Sunday, July 31, 2011

Italy borrowing costs soar in volatile euro markets (Reuters)

MILAN/LONDON (Reuters) ? Italy's borrowing costs soared at a closely watched bond auction on Thursday as investors worried by the euro zone debt crisis and an impasse over the U.S. debt ceiling exacted a high risk premium.

The 8 billion euro ($11.4 billion) auction was conducted in volatile markets made more feverish by rumors, denied by Italian politicians, that Economy Minister Giulio Tremonti was preparing to resign.

The pressure on Italian stocks and bonds reflected both concern about Rome's ability to cut its sovereign debt -- second only to Greece's in Europe at 120 percent of annual output -- and doubts over whether last week's summit of euro zone leaders found a durable solution to the Greek debt crisis.

Criticism of the latest euro zone bailout plan for Athens has surfaced at the International Monetary Fund, as well as among European economists and market analysts, who say it does too little to reduce Greece's 340 billion euro debt.

A Reuters poll of 55 economists showed a majority felt that while the rescue package was a step in the right direction, it was not a turning point from which the crisis would be resolved.

Cyprus may be next in line for a bailout after its cabinet resigned on Thursday over a fatal munitions blast that destroyed the island's main power plant and compounded its economic problems, which include heavy exposure to Greek debt.

Italian yields at the bond auction jumped to 5.77 percent on 10-year paper, the highest since February 2000, and to 4.80 percent on three-year debt, the highest since July 2008.

"You can argue that they were able to place bonds in the market, but the trend in yields is starting to become really impressive," said Alessandro Giansanti, a strategist at ING in Amsterdam.

"They can't afford this kind of increase every month."

TREMONTI

Tremonti, long viewed as the guarantor of fiscal prudence in Prime Minister Silvio Berlusconi's fractious government, is under pressure over his use of a Rome apartment belonging to an aide under investigation for alleged corruption.

Umberto Bossi, head of the Northern League, part of Italy's governing coalition, dismissed rumors that Tremonti could lose his job, saying the affair was "nothing very serious." But the economy minister faces growing pressure from the opposition and media to explain himself, while his relations with Berlusconi have been strained for months.

Tremonti made a joke of the rumors that he might quit over the apartment issue, telling a news conference on Thursday: "I've resigned...as a tenant." He did not comment directly.

At one stage on Thursday, the secondary market yield on 10-year Italian government bonds jumped to 5.99 percent, near peaks hit during the height of bond market panic shortly before the euro zone summit. It later fell back to 5.84 percent, up only 7 basis points on the day, as fears over Tremonti and the threat of a U.S. debt default partially eased.

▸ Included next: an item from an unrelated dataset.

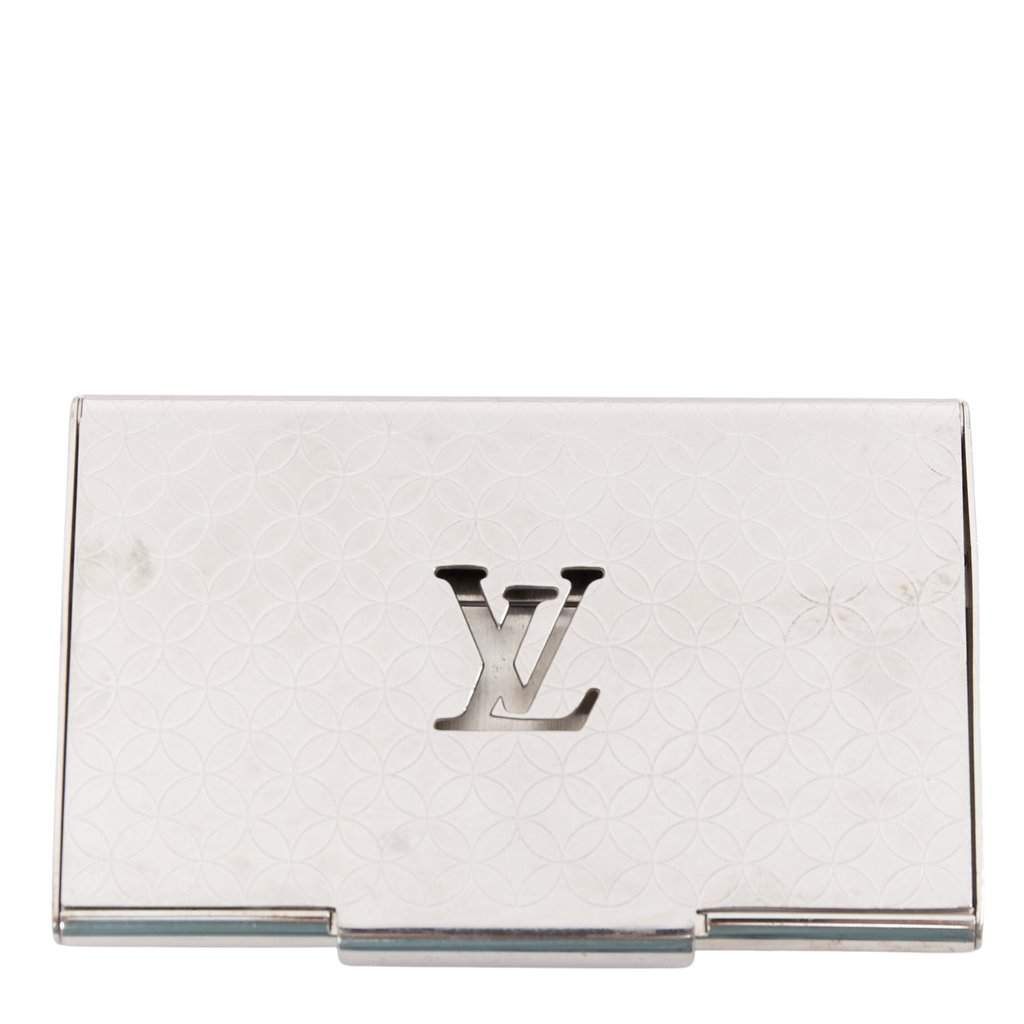 Louis Vuitton Porte Carte Champs Elysees Silver Fair condition - Front View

The rise in Italy's borrowing costs may put in doubt its contribution to the next tranche of aid for Athens in the current Greek bailout plan, to which Rome signed up last year, euro zone officials told Reuters.

In a conference call of euro zone finance officials on Thursday, during which the next tranche of emergency loans for Greece was discussed, Italy said it might have to use a "step-out" option in September if its own financing costs rose higher than those on the Greek loans.

"They have not decided one way or another," said one euro zone source familiar with the situation.

IMF CONCERN

Euro zone leaders agreed last week that their bailout fund, the European Financial Stability Facility, would in future be empowered to buy bonds in the secondary market and give states in difficulty precautionary credit lines.

But that will only take effect once new EFSF rules have been approved by national parliaments, a time-consuming and potentially difficult process. Italy's Treasury Director-General Vittorio Grilli said on Thursday he hoped the EFSF would gain its new powers by the end of 2011; in the meantime, euro zone states will remain vulnerable in bond markets.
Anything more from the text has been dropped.